▶ **Recorded data**
____________________

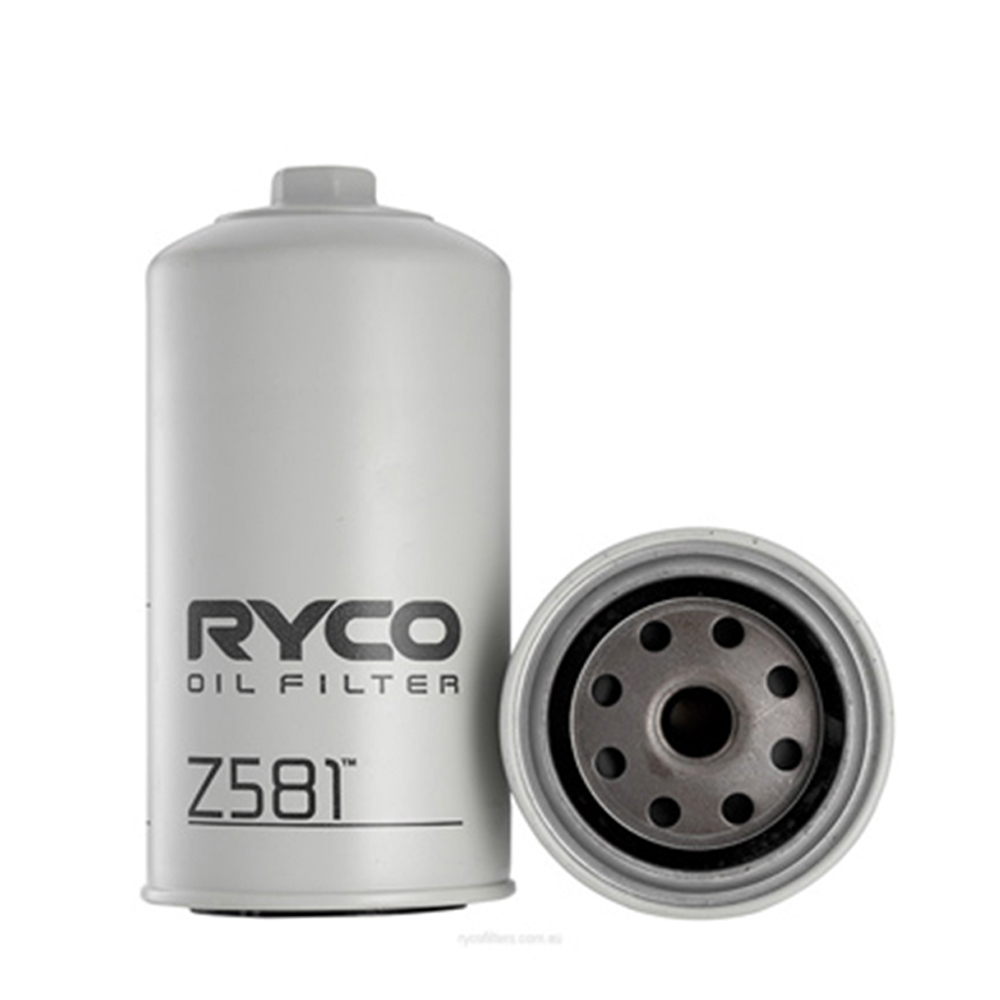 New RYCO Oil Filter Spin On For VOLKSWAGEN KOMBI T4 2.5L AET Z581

____________________

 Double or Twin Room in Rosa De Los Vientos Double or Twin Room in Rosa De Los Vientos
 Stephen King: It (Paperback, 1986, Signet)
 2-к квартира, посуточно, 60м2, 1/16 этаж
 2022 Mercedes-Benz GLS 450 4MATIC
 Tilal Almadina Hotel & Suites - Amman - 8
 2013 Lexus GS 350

____________________

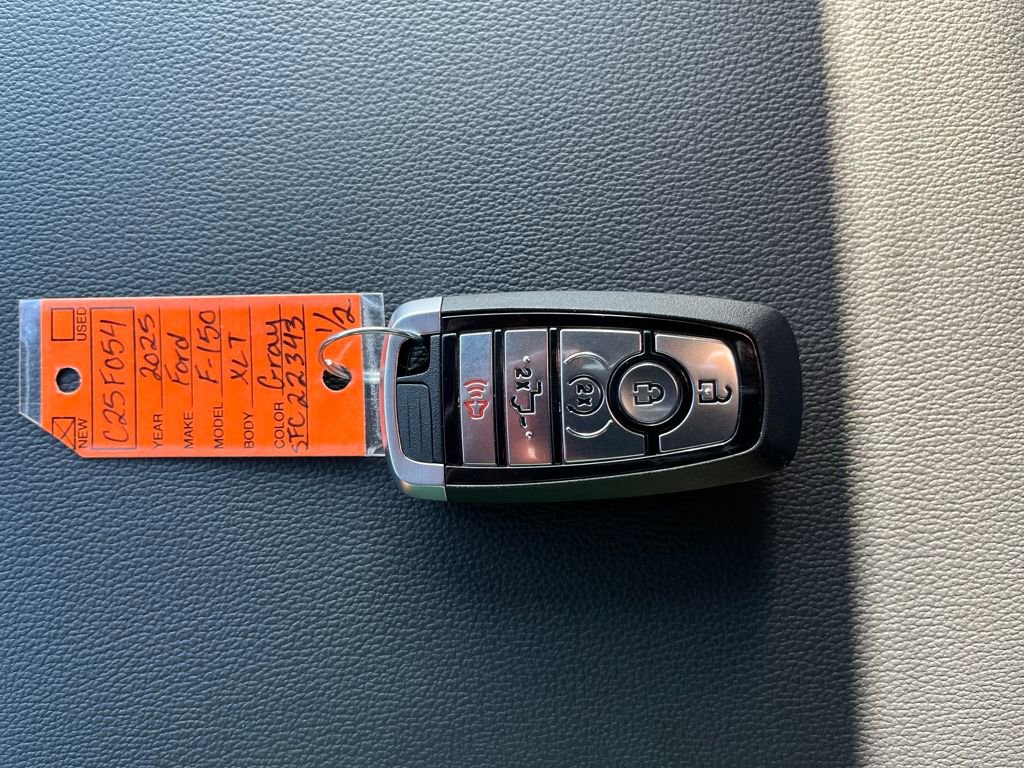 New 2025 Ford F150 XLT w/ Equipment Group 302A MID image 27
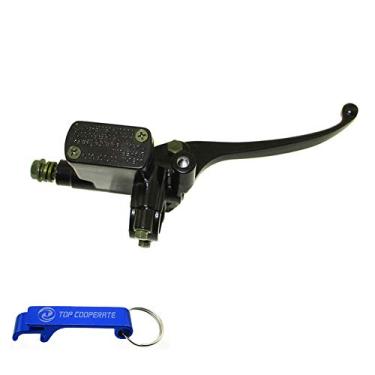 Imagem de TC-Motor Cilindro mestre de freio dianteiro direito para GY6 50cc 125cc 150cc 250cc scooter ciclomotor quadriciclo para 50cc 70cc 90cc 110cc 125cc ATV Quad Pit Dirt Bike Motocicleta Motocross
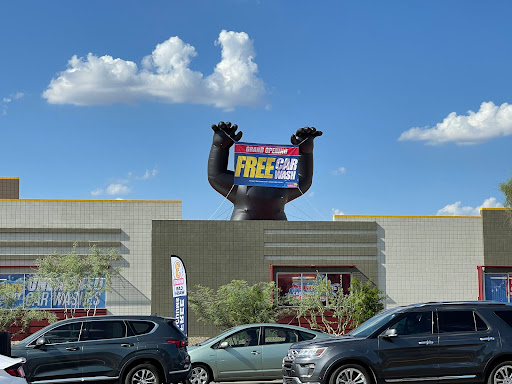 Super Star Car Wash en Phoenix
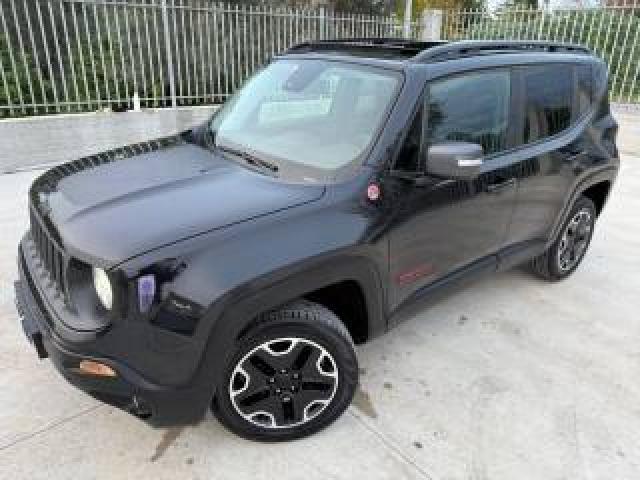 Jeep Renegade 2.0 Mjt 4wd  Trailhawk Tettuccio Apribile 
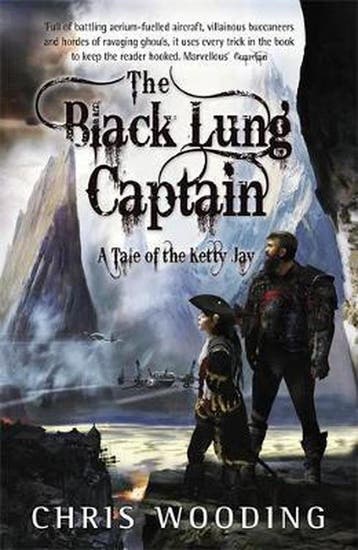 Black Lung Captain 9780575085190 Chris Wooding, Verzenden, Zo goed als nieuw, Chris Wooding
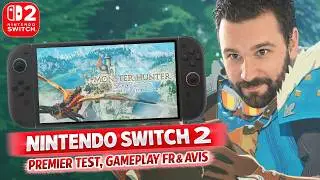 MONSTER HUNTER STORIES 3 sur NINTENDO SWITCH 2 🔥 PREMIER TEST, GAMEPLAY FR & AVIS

____________________

▶ **What to produce**
Reproduce exactly, with no pictures, the lines above from the one holding "Black Lung Captain" to the one holding "MONSTER HUNTER STORIES", inclusive.

▶ **Result for this exercise**
 Black Lung Captain 9780575085190 Chris Wooding, Verzenden, Zo goed als nieuw, Chris Wooding
 MONSTER HUNTER STORIES 3 sur NINTENDO SWITCH 2 🔥 PREMIER TEST, GAMEPLAY FR & AVIS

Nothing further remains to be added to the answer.